Duddon Iron Furnace
Location : Broughton-in-Furness
Grid Ref : SD 197882
The restored remains of Duddon Iron Works are one of the most impressive charcoal-fired blast furnaces in Britain.
Iron ore was mined in Furness and West Cumbria from the middle ages onwards, and smelted in primative hearths or bloomeries, generally in places where large quantities of charcoal were readily available.
In the 18th Century, blast furnaces revolutionised the smelting process. Large furnaces were built, consuming large amounts of ore and fuel, and harnessing water power to drive bellows pumping air into the combustion chamber.
Duddon Ironworks was established by the Cunsey Company in 1736 and operated through to 1866, using locally produced charcoal as fuel.
It is the most complete surviving example of an iron producing site with a charcoal-fired blast furnace. Pig iron cast here was sent to Chepstow and Bristol where it was used in the manufacture of anchors, chains and other iron work for ships.

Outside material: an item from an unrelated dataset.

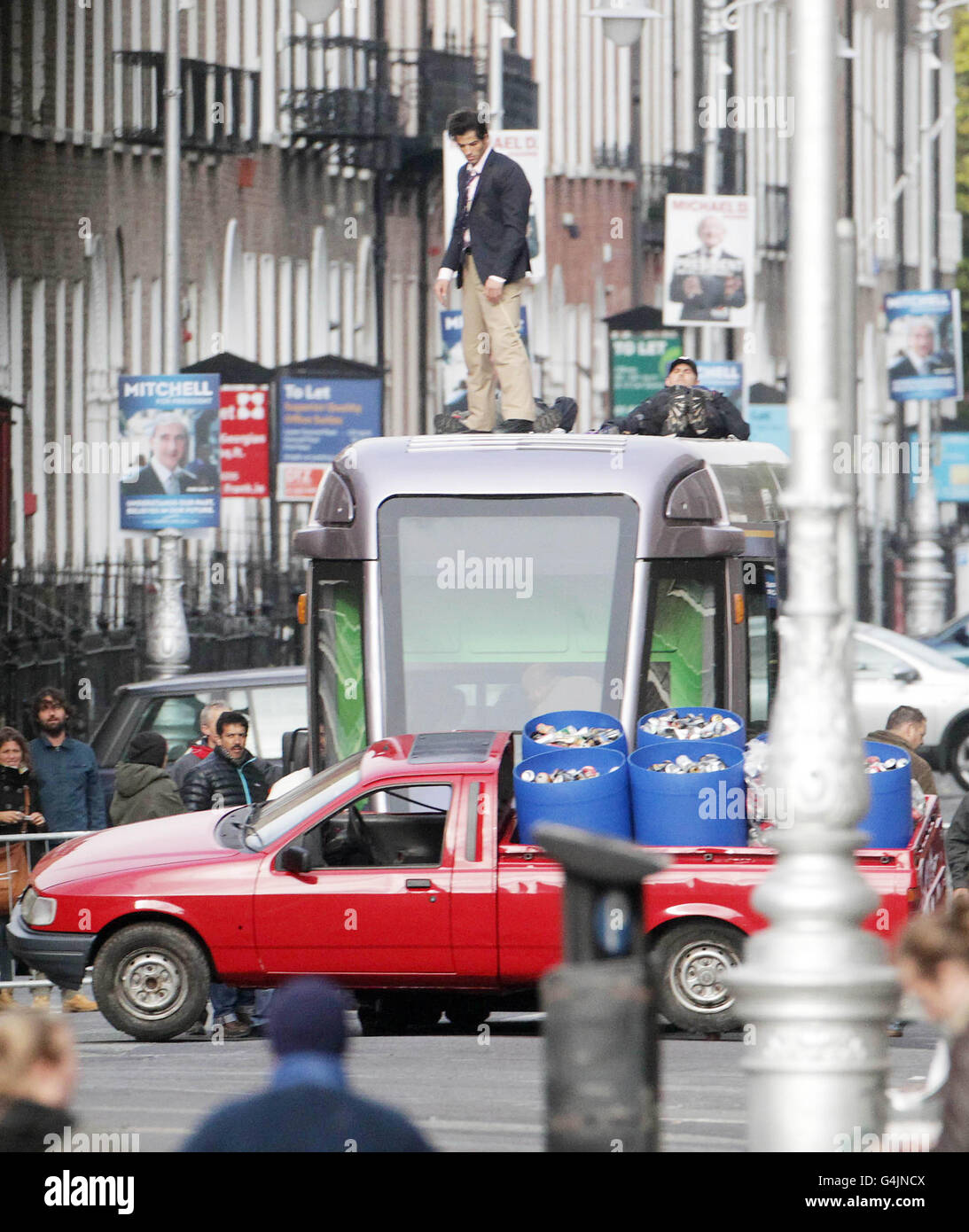 A stunt man is seen on a fake Luas tram during filming of Ek Tha Tiger, a spy-thriller featuring,l Bollywood elements of music and dance, on Dublin's Mount Street. Stock Photo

The furnace stack was 29 feet high and built of local stone, and charged from above. Water powered bellows were attached at the base. The water wheel is missing, but the course of the leat has been traced, bringing water from the river half a mile upstream. Higher up the hill is the charcoal store, 100 feet in length, and as high as a church.
After closure in 1866, the site became derelict. It has now been partially restored, and is in the care of the Lake District National Park. An information panel gives a description of the various parts of the furnace.
It can be reached on foot a few yards from a lay-by some 100 yards from Duddon Bridge along the Corney Fell scenic route from Broughton-in-Furness to Waberthwaite.